**Exercise**
In the entries below, copy only the lines from the one that contains "24 Pins ATX" through the last line, exactly, and omit any pictures.

**Available records**

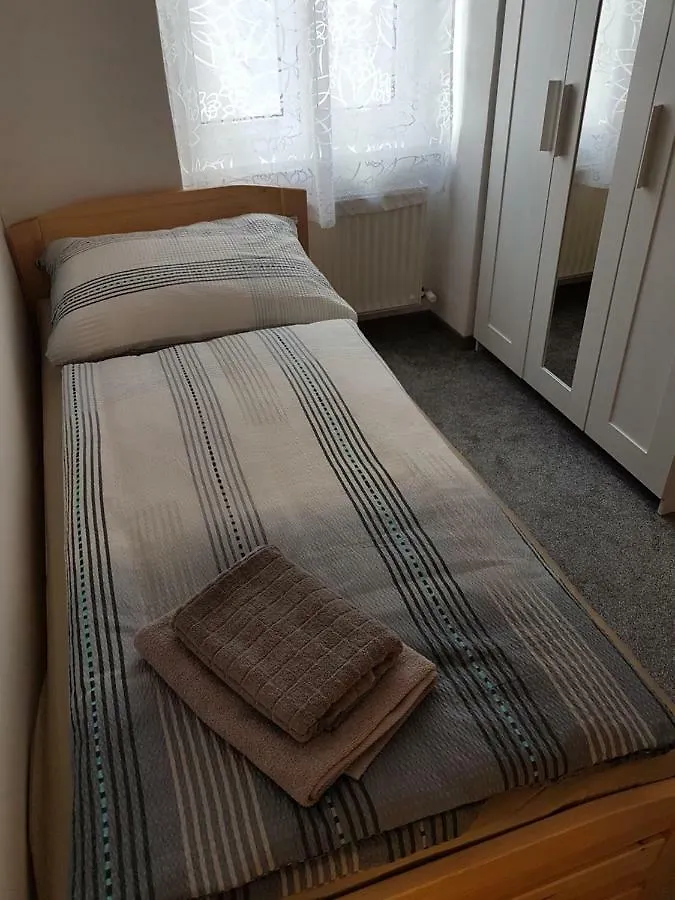 Gerald'S Apartment 10 Vienna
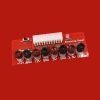 24 Pins ATX Benchtop Power Board Computer Connector Socket Power Supply Adapter - Image 5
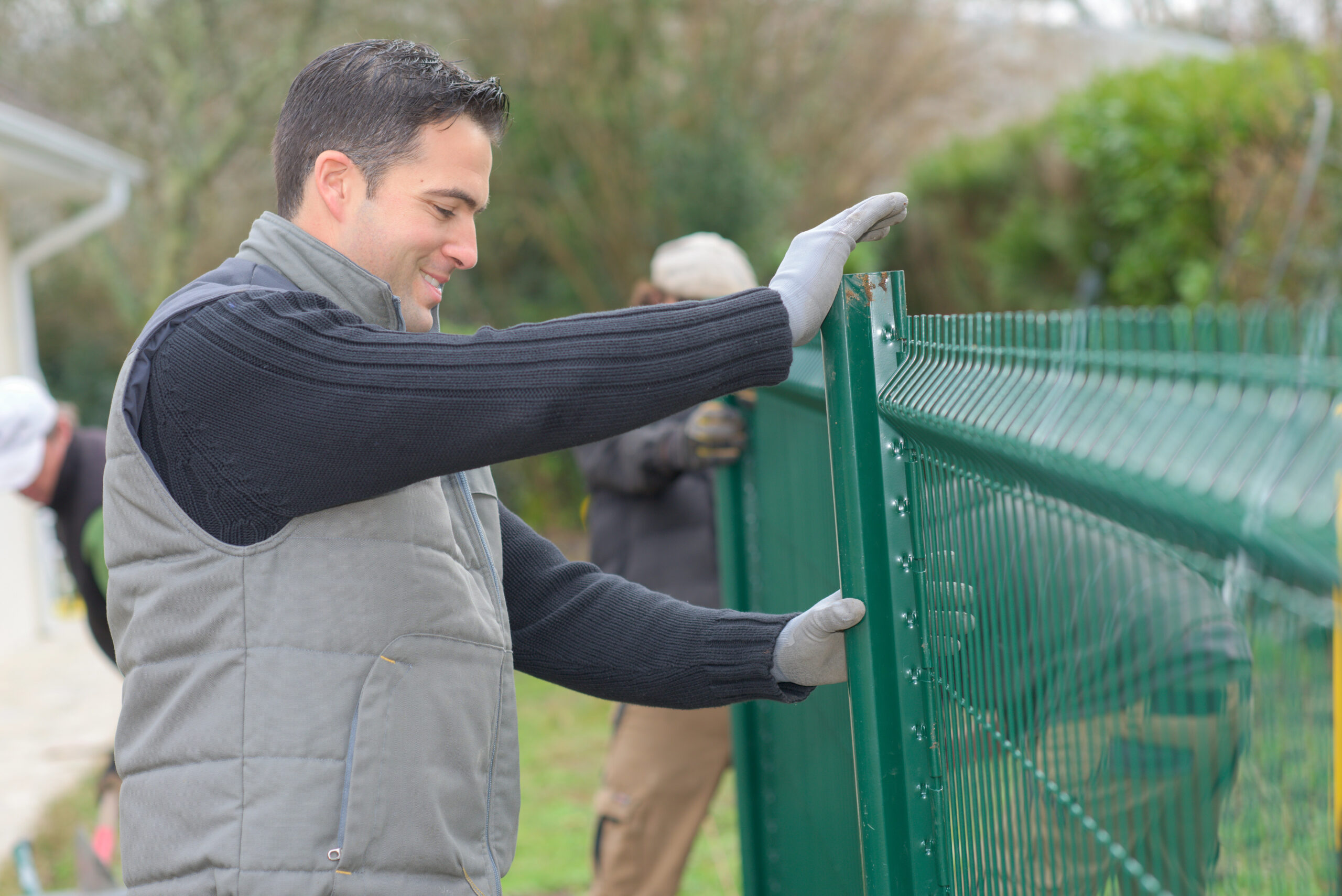 Valuing A Fencing Business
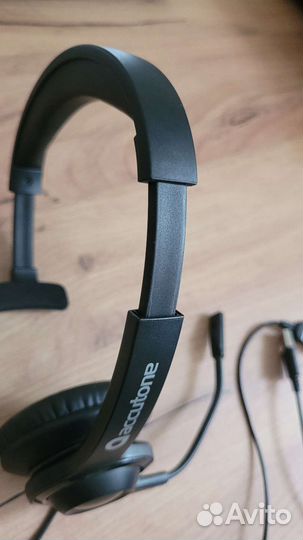 Компьютерная гарнитура Accutone UM210 USB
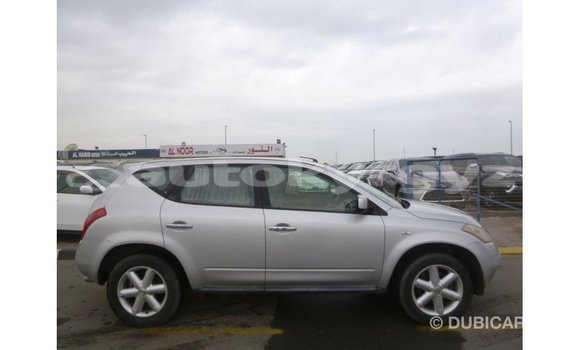 Buy Import Nissan Murano Other Car in Import - Dubai in Batken Buy Import Nissan Murano Other Car in Import - Dubai in Batken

**Task solution**
 24 Pins ATX Benchtop Power Board Computer Connector Socket Power Supply Adapter - Image 5
 Valuing A Fencing Business
 Компьютерная гарнитура Accutone UM210 USB
 Buy Import Nissan Murano Other Car in Import - Dubai in Batken Buy Import Nissan Murano Other Car in Import - Dubai in Batken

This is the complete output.